**Task objective**
Locate the line containing "白癣病的图片.jpg】", then please write out that line and all the lines below it in the entries exactly.

○ ○ ○ ○ ○ ○ ○

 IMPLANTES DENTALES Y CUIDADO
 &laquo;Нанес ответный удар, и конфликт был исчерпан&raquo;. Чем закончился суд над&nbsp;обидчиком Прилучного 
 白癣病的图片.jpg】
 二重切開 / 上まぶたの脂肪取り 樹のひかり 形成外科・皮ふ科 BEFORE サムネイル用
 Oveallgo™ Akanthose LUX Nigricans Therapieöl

○ ○ ○ ○ ○ ○ ○

**Output for this task**
 白癣病的图片.jpg】
 二重切開 / 上まぶたの脂肪取り 樹のひかり 形成外科・皮ふ科 BEFORE サムネイル用
 Oveallgo™ Akanthose LUX Nigricans Therapieöl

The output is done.